» **Exercise instructions**
Using the data that follows, give again word for word the lines between the one holding "Diverse group of" and the one holding "Tartan Vibes Clothing", inclusive. Omit the pictures.
*** Opening of Task material ***
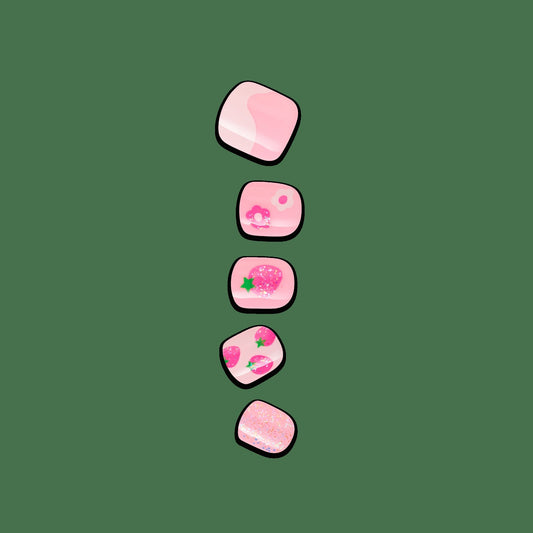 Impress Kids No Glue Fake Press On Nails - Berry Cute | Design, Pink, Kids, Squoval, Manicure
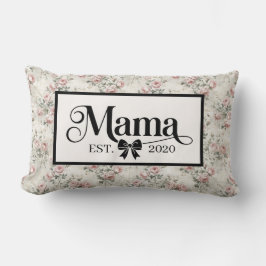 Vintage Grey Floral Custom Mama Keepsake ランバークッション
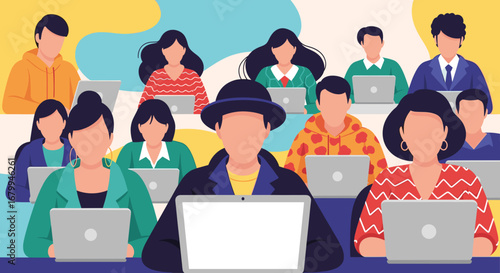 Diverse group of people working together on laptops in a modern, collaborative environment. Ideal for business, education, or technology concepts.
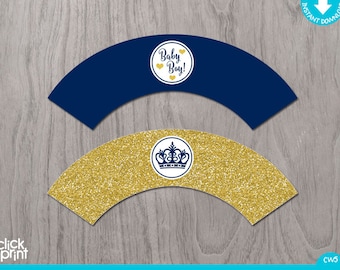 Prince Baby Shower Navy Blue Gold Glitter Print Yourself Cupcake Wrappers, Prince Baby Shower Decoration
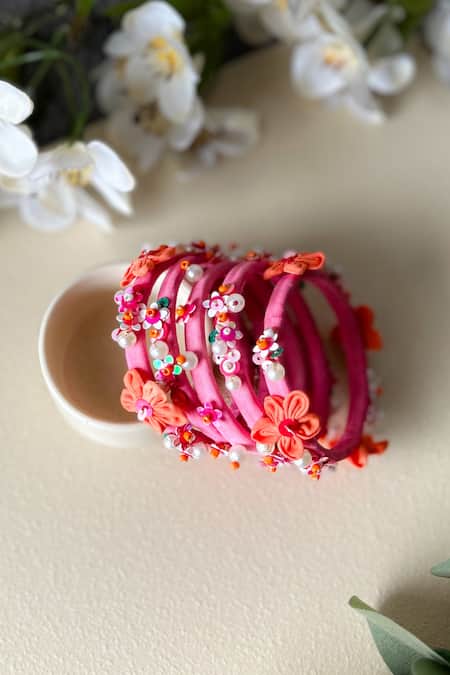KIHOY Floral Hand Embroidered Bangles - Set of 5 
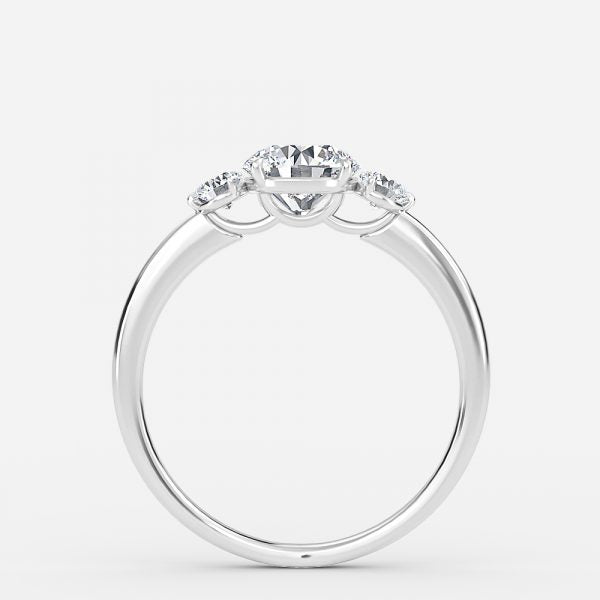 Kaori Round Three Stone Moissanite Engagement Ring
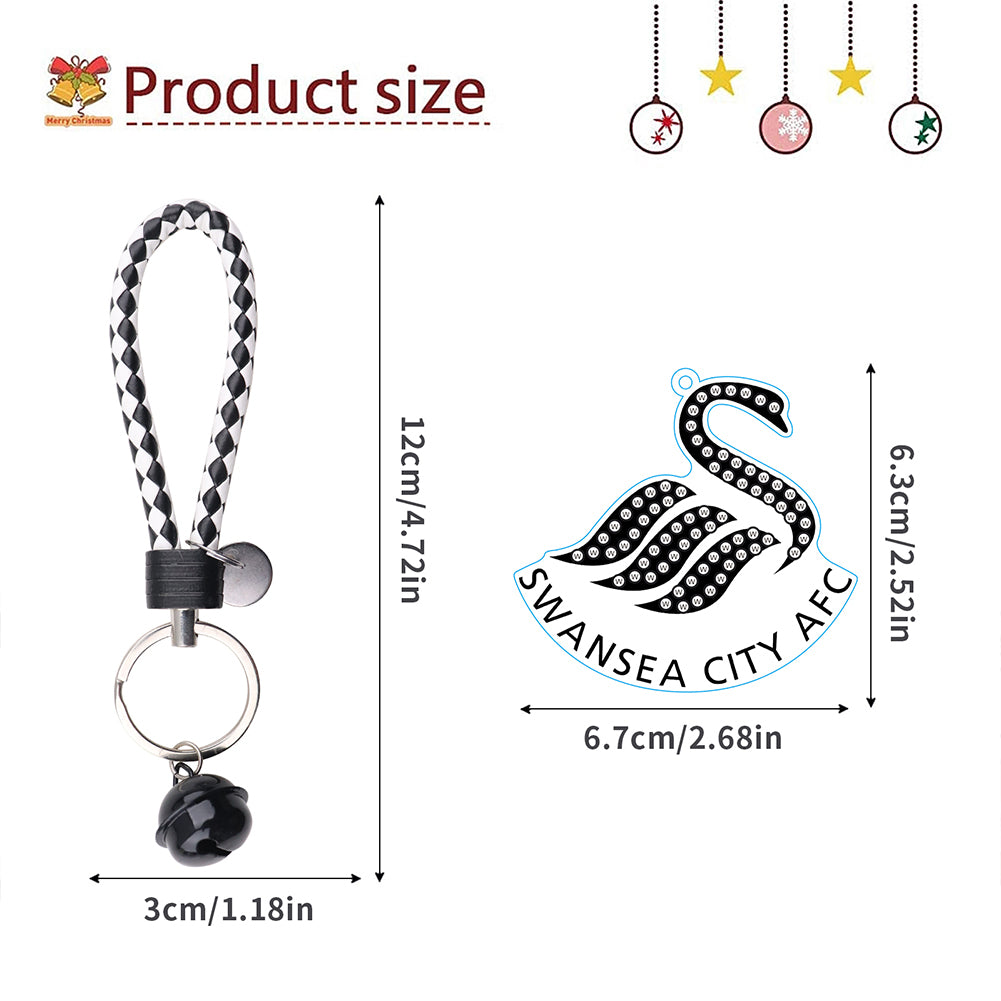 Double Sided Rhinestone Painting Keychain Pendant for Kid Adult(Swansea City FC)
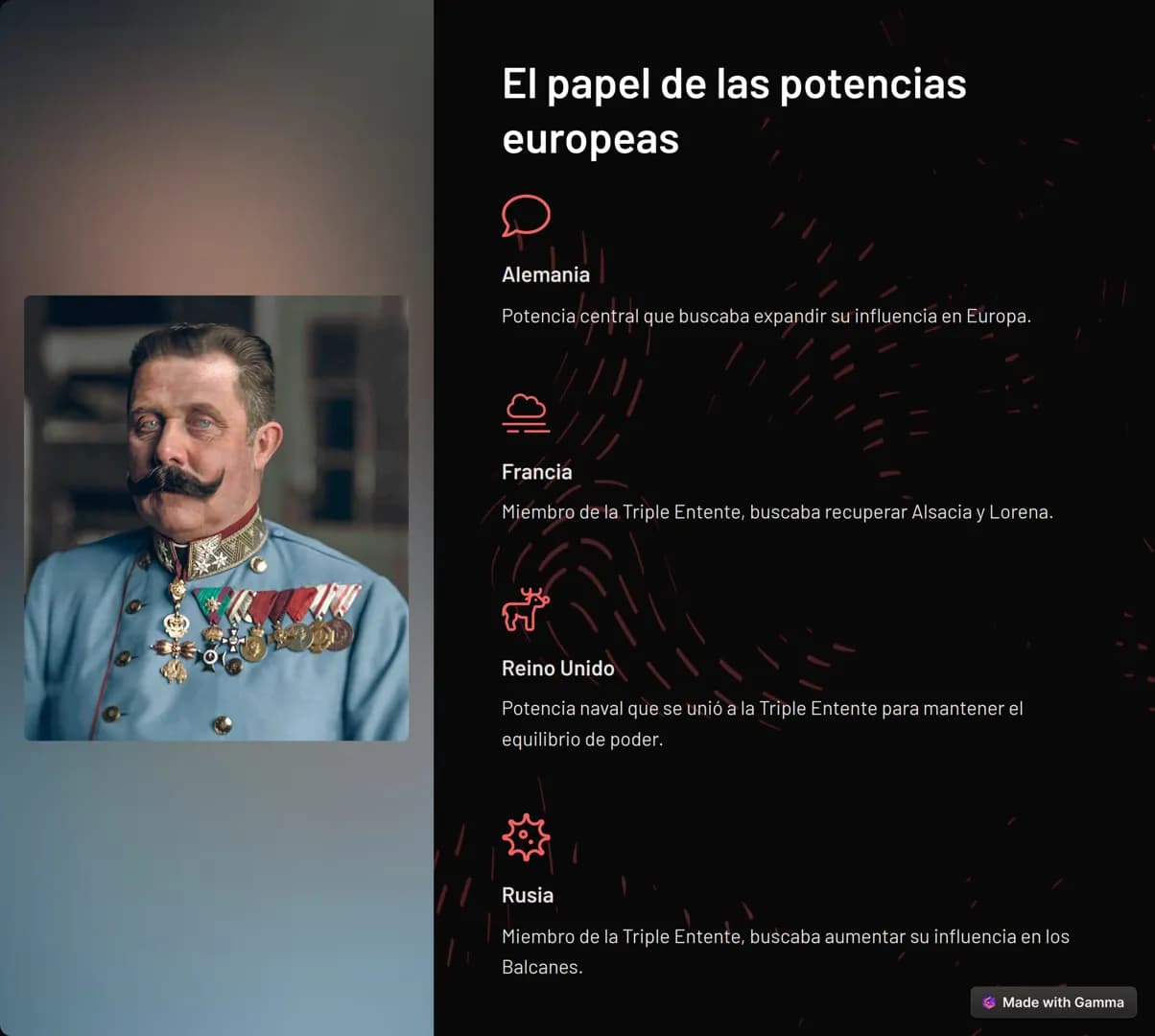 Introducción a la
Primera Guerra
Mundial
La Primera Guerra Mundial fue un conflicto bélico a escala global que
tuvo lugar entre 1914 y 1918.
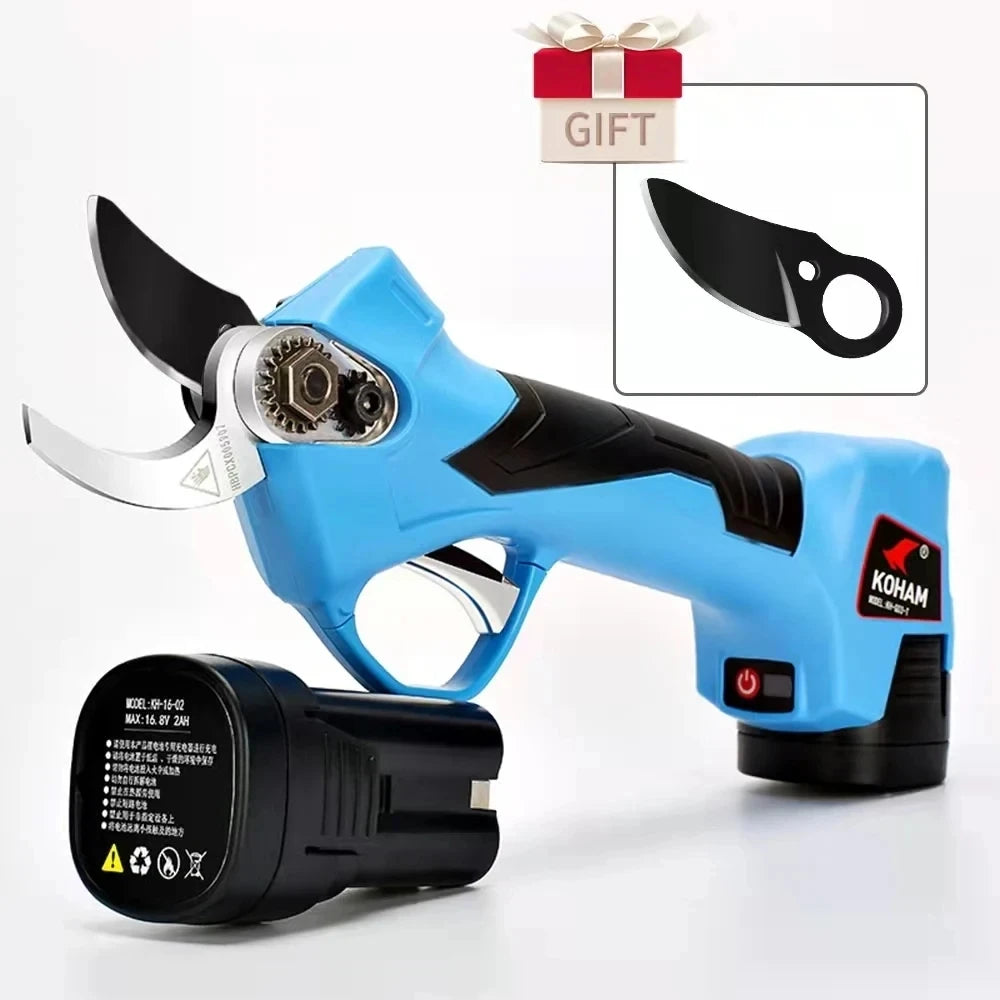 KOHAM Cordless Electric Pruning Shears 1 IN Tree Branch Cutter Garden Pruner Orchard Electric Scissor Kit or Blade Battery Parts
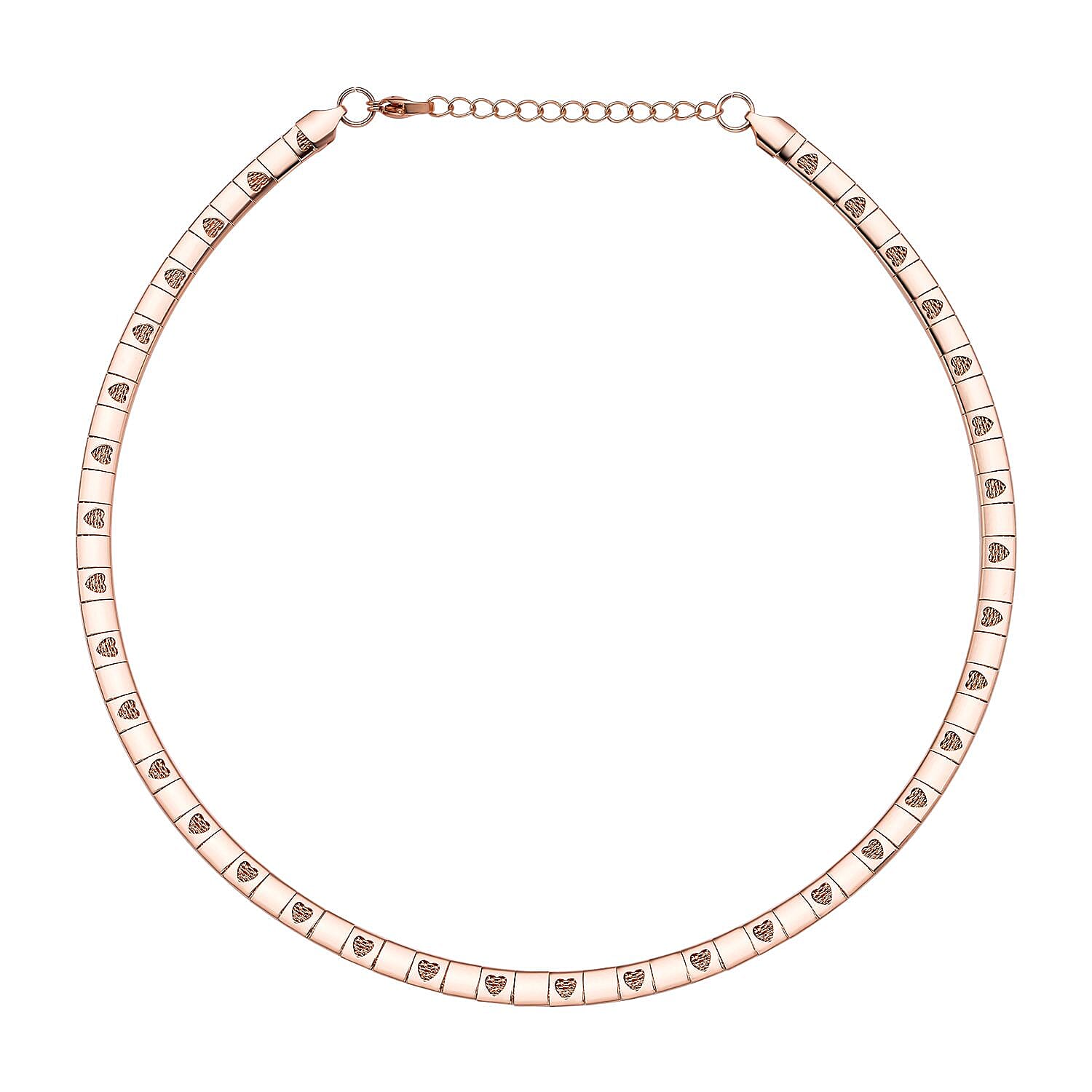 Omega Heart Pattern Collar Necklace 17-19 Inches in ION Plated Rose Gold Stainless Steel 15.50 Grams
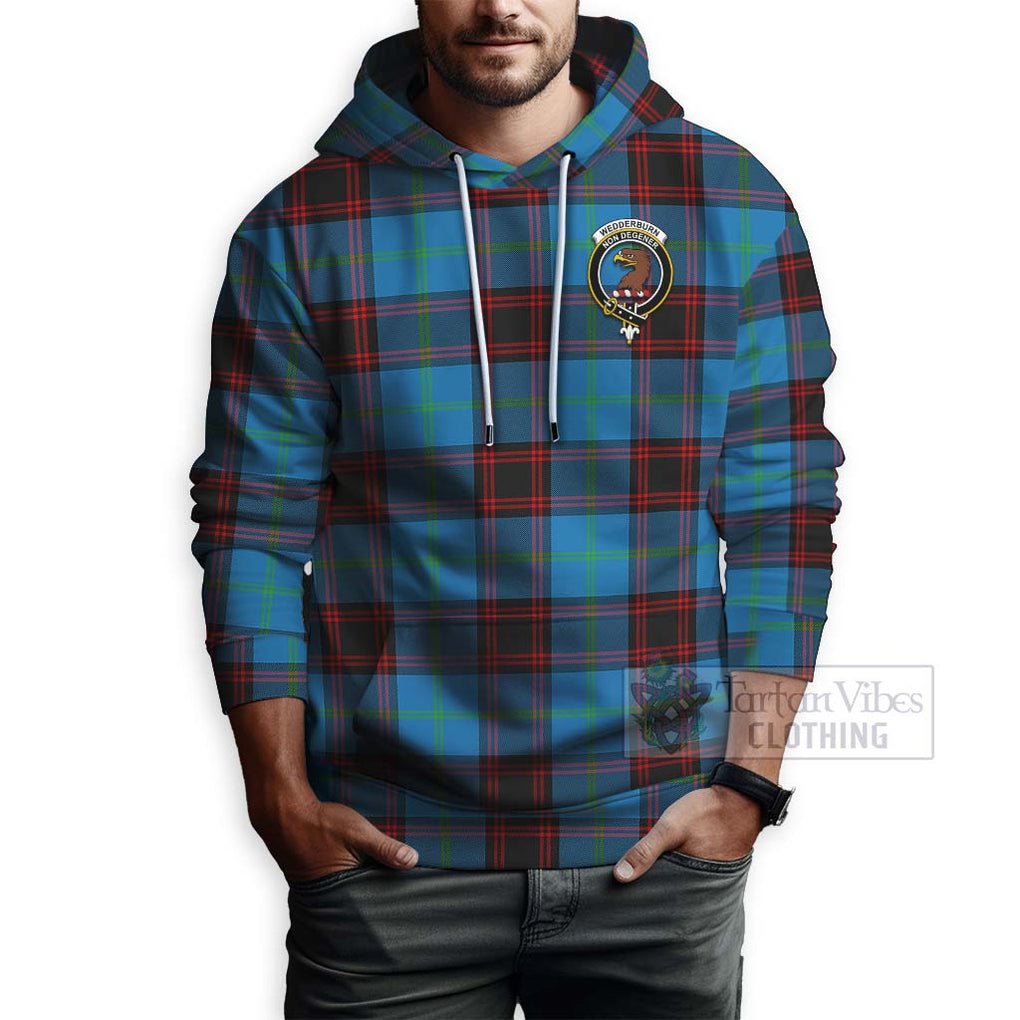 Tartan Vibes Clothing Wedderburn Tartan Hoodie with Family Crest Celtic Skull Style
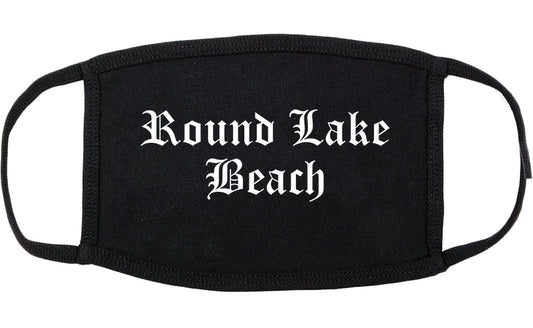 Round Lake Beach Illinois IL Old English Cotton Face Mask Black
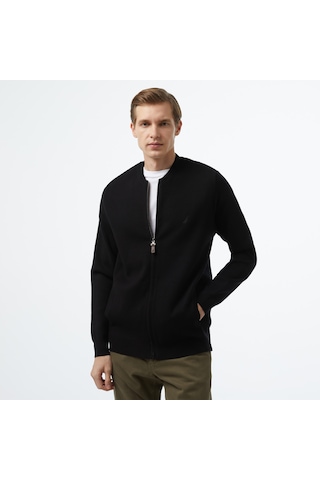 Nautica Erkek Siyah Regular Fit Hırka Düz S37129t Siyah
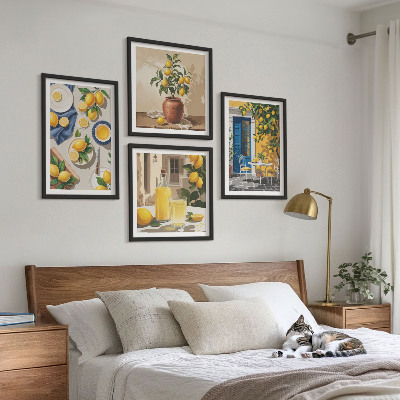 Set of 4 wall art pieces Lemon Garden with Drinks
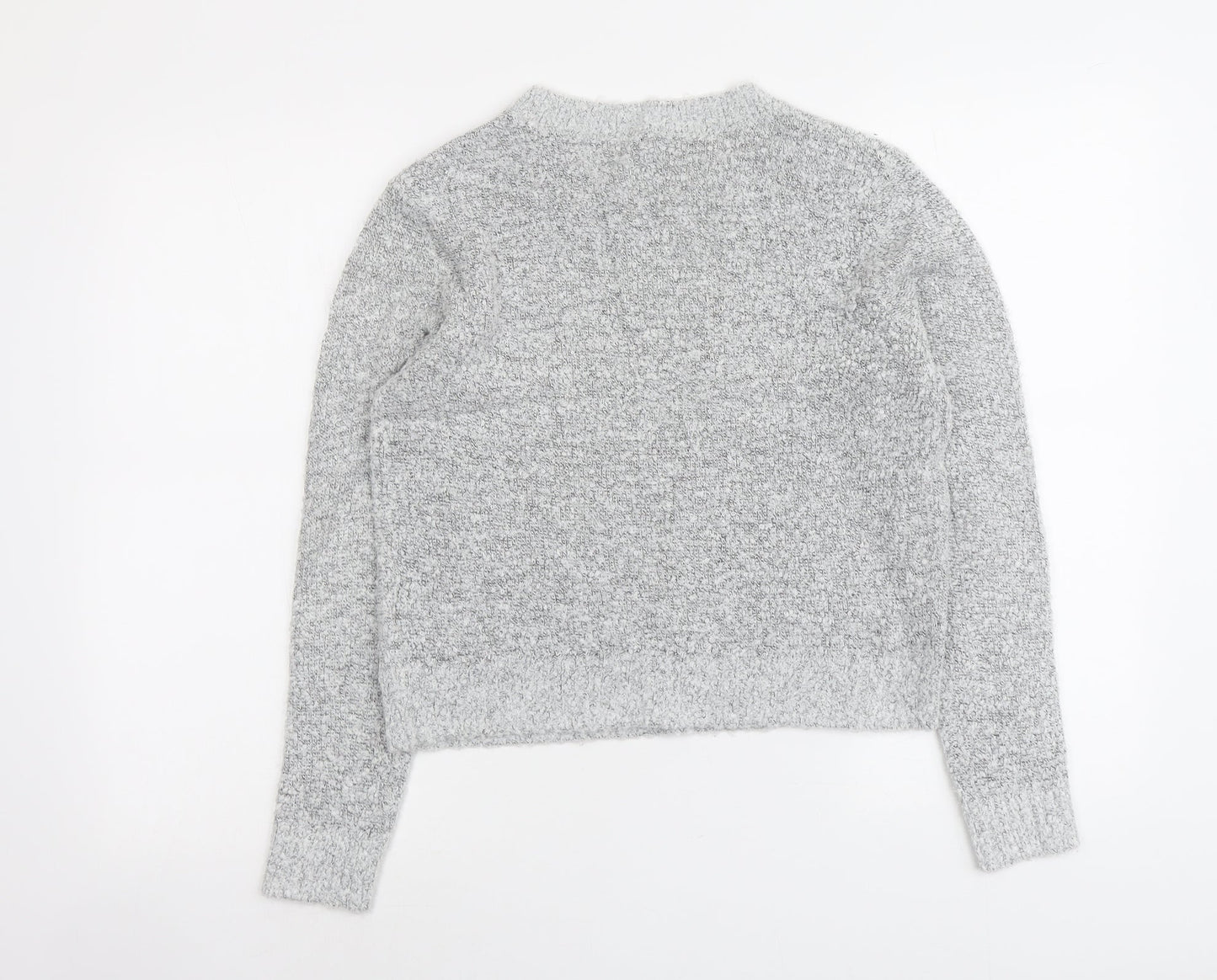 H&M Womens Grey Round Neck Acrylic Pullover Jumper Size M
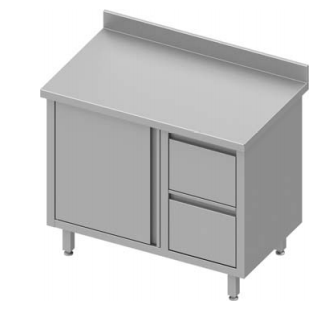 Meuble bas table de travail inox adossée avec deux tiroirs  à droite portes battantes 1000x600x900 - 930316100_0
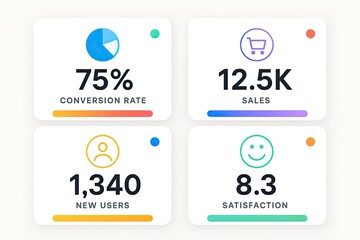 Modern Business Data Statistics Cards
*** Close of Task material ***
» **Solution below**
 Diverse group of people working together on laptops in a modern, collaborative environment. Ideal for business, education, or technology concepts.
 Prince Baby Shower Navy Blue Gold Glitter Print Yourself Cupcake Wrappers, Prince Baby Shower Decoration
KIHOY Floral Hand Embroidered Bangles - Set of 5 
 Kaori Round Three Stone Moissanite Engagement Ring
 Double Sided Rhinestone Painting Keychain Pendant for Kid Adult(Swansea City FC)
 Introducción a la
Primera Guerra
Mundial
La Primera Guerra Mundial fue un conflicto bélico a escala global que
tuvo lugar entre 1914 y 1918.
 KOHAM Cordless Electric Pruning Shears 1 IN Tree Branch Cutter Garden Pruner Orchard Electric Scissor Kit or Blade Battery Parts
 Omega Heart Pattern Collar Necklace 17-19 Inches in ION Plated Rose Gold Stainless Steel 15.50 Grams
 Tartan Vibes Clothing Wedderburn Tartan Hoodie with Family Crest Celtic Skull Style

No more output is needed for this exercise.